Ingredients

  • 3 to 4 cups clam broth or fish stock
  • 1 tablespoon olive oil
  • ½ large onion, finely chopped
  • ½ teaspoon minced fresh garlic or minced garlic in oil
  • 1 cup arborio rice
  • ½ cup dry white wine
  • 1 cup canned plum tomatoes or very ripe fresh chopped plum tomatoes
  • 1 tablespoon fresh oregano or 1 teaspoon dried oregano leaves
  • 2 teaspoons fresh marjoram or thyme or 1/2 teaspoon dried
  • 10 ounces salmon fillet, cut in cubes
  • 1 cup fresh or frozen peas
  • Freshly ground black pepper to taste
  • Nutritional Information
    • Nutritional analysis per serving (2 servings)

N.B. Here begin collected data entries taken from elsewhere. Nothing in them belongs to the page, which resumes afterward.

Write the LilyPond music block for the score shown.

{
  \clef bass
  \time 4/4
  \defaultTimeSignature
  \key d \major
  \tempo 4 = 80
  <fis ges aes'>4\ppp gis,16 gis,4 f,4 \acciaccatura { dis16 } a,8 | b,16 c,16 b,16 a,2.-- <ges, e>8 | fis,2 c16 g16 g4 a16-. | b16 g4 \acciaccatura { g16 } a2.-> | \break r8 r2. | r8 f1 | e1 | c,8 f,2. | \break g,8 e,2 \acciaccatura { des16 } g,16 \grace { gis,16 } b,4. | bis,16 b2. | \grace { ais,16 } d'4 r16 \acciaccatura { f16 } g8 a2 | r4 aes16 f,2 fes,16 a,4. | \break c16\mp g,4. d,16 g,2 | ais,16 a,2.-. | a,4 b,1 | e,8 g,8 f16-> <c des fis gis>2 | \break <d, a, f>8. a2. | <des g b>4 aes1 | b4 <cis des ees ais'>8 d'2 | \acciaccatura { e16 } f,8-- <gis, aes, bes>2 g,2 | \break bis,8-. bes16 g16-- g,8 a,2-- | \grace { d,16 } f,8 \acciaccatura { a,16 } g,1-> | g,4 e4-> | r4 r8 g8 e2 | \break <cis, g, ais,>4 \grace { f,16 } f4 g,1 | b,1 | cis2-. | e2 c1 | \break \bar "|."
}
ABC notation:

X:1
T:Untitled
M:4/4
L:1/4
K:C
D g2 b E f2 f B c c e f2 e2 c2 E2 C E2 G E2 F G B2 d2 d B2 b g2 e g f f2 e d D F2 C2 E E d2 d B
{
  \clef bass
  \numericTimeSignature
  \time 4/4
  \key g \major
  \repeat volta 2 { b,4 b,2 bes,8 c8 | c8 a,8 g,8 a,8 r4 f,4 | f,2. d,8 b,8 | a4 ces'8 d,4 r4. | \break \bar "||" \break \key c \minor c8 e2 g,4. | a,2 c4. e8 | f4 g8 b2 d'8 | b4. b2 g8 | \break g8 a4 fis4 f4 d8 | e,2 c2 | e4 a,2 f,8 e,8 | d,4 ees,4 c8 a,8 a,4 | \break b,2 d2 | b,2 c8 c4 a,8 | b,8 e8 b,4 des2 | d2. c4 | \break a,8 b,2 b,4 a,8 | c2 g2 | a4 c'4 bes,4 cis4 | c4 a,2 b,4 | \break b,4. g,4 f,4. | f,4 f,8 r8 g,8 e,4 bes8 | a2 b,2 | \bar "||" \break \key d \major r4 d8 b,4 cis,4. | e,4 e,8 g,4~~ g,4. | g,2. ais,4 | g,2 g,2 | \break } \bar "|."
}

      955 calories; 31 grams fat; 6 grams saturated fat; 12 grams monounsaturated fat; 7 grams polyunsaturated fat; 106 grams carbohydrates; 8 grams dietary fiber; 13 grams sugars; 50 grams protein; 90 milligrams cholesterol; 765 milligrams sodium

    • Note: Nutrient information is not available for all ingredients. Amount is based on available data.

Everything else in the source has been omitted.